Falls...one of the scariest incidents that can happen to the elderly, and one of the most dangerous. But let's face it, falling is bad for all of us, no matter what age we are. We've all taken a nasty tumble at least once, and maybe got by with just a bruise. Or maybe we had a cracked bone or a concussion. 

In the elderly, even a slight fall can cause serious injuries. It can also be terrifying, especially if they have to wait a long time for help to appear. 

Focusing on safety to prevent falls won't just lower the risk of physical injuries. It can help your elderly loved have peace of mind too. 

Not all falls are going to have a big, obvious cause. And not all risks can be removed. I know someone who sneezed while walking, stumbled, and just couldn't right themselves before falling. Obviously a caregiver, no matter how vigilant, can't prevent a rare quirky incident like that!

However there are a many common risks (and some not so common) that can be removed or minimalized as much as possible. Sometimes it is as simple as moving certain items to other rooms. Other times it might mean installing hand rails. 

Ice and snow of course are two of the greatest hazards. Wet porches, steps, walkways and floors can also be dangerous.
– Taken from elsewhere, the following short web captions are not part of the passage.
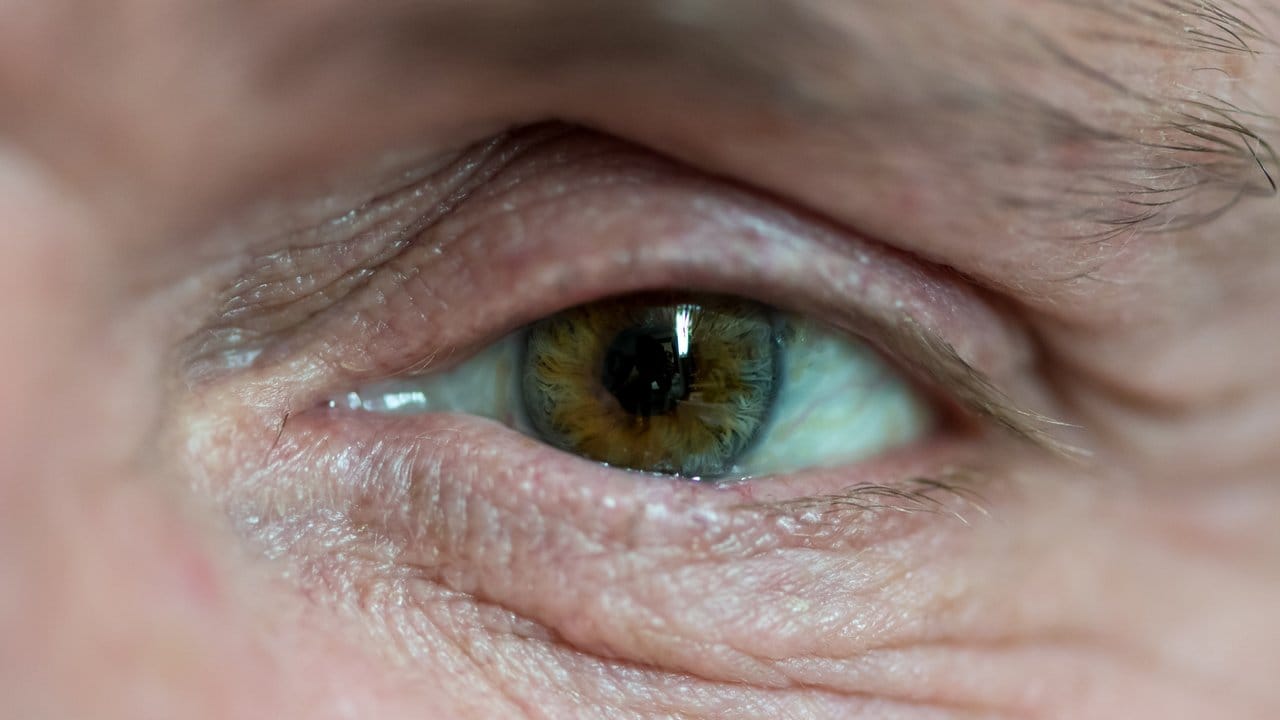 Ein Mann mit einer Augenprothese blickt im Institut für künstliche Augen in die Kamera.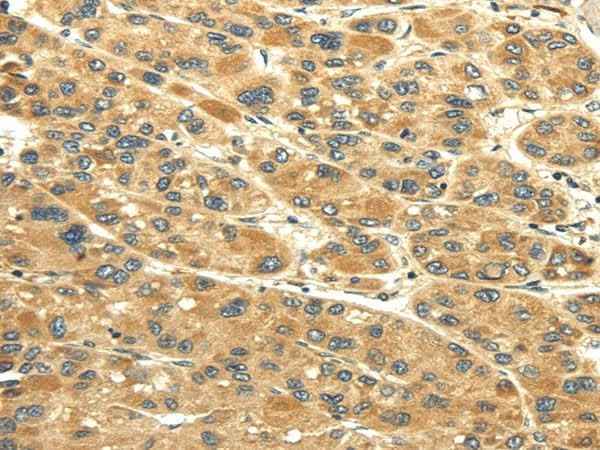 Anti-Human/Mouse UACA Antibody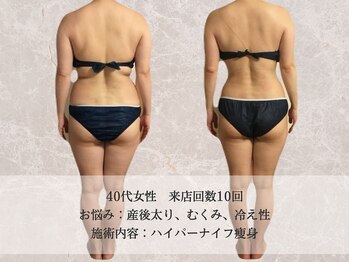 エクストリミティ 国立店(EXTREMITY)/お客様の変化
You can't prevent snow or rain, but you know to dry up spills, and clear ice and snow from senior's porches and driveways. 

How much safety prevention and preparation you do inside the house will depend on your loved one's needs and limitations. 

So let's take a look at some ways to prevent falls, stumbles and other risky mishaps. 



Environmental Hazards


These are usually the easiest to remedy. The areas most used by the elderly should be clear of hazards that can cause falls. These include:

  • Rugs (At the very least they need to be slip proof and have the edges secured. )
  • Loose carpeting or tile
  • Cords or cables across the floor
  • Areas of flooring that are slick
  • Small objects and furniture
  • Toys and clutter 

Surprisingly, very simple things can cause someone to slip. People with poor balance or vision can slip on something as seemingly innocent as a piece of paper. Or even trying to avoid something they think they see. (For example they might mistake a patch of sunlight as a bit of paper or some other object and step over it, possibly losing balance.)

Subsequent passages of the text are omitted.